# What the task requires
Word for word, transcribe the lines below and drop the pictures.

# Available data
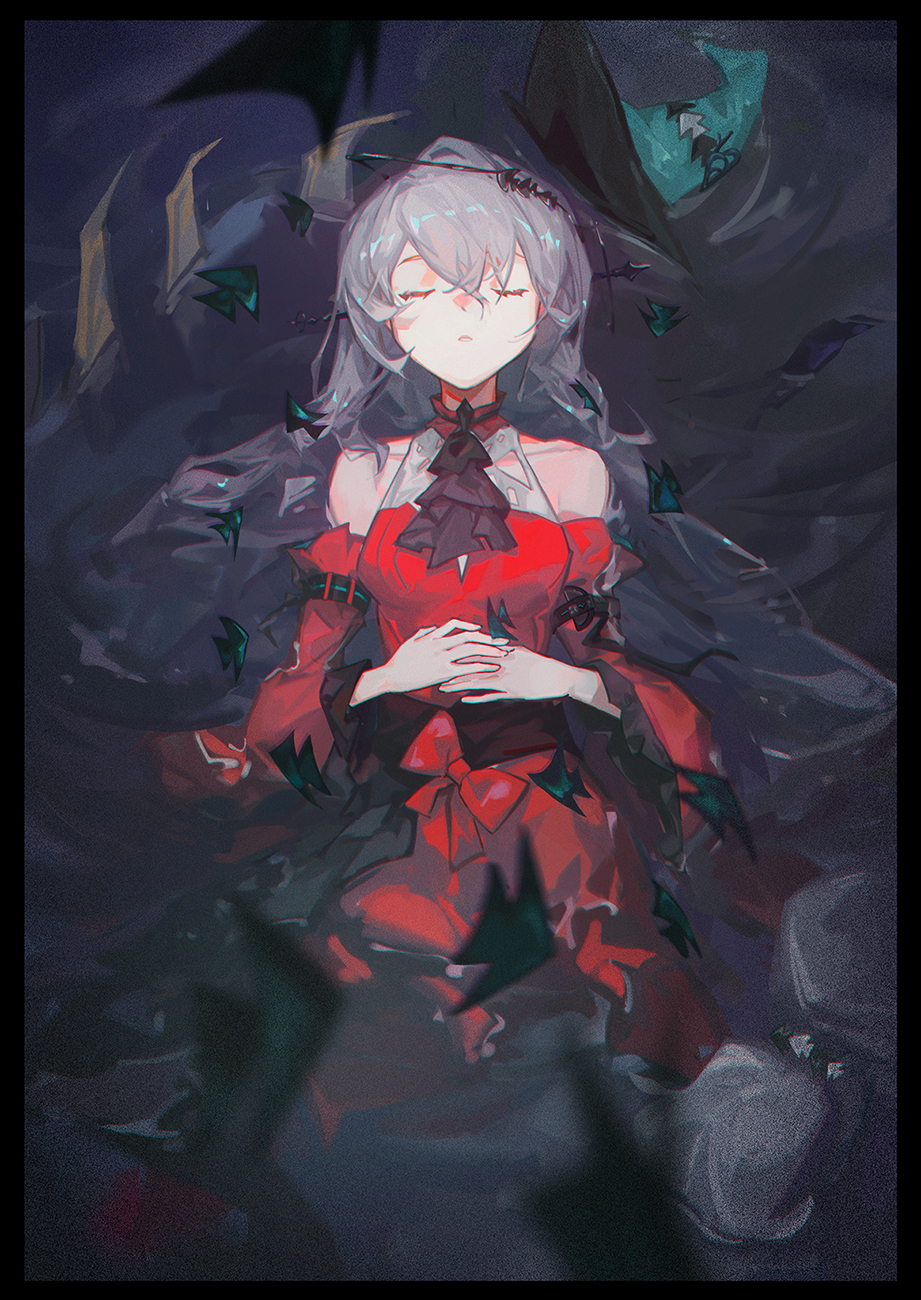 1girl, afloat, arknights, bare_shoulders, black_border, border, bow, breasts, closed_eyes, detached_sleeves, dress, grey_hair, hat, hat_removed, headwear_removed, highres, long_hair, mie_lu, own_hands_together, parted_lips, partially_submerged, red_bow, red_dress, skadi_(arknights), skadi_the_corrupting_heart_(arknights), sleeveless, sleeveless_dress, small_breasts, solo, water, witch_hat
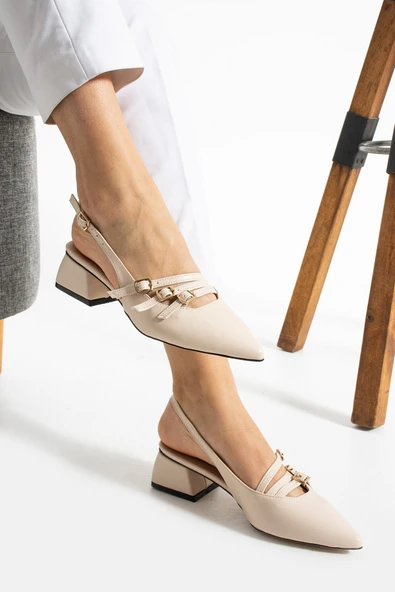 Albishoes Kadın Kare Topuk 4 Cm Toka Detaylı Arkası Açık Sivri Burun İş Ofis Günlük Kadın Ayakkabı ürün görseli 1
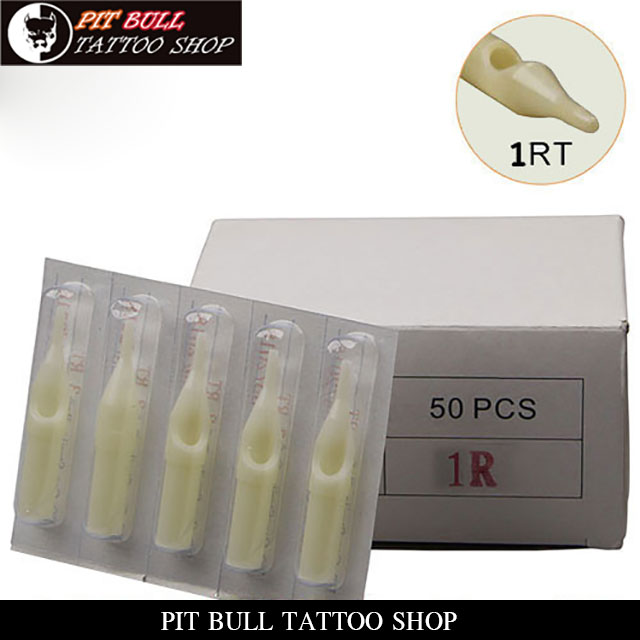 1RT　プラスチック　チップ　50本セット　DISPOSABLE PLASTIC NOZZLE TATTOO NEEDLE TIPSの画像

# Solution to this task
 1girl, afloat, arknights, bare_shoulders, black_border, border, bow, breasts, closed_eyes, detached_sleeves, dress, grey_hair, hat, hat_removed, headwear_removed, highres, long_hair, mie_lu, own_hands_together, parted_lips, partially_submerged, red_bow, red_dress, skadi_(arknights), skadi_the_corrupting_heart_(arknights), sleeveless, sleeveless_dress, small_breasts, solo, water, witch_hat
 Albishoes Kadın Kare Topuk 4 Cm Toka Detaylı Arkası Açık Sivri Burun İş Ofis Günlük Kadın Ayakkabı ürün görseli 1
 1RT　プラスチック　チップ　50本セット　DISPOSABLE PLASTIC NOZZLE TATTOO NEEDLE TIPSの画像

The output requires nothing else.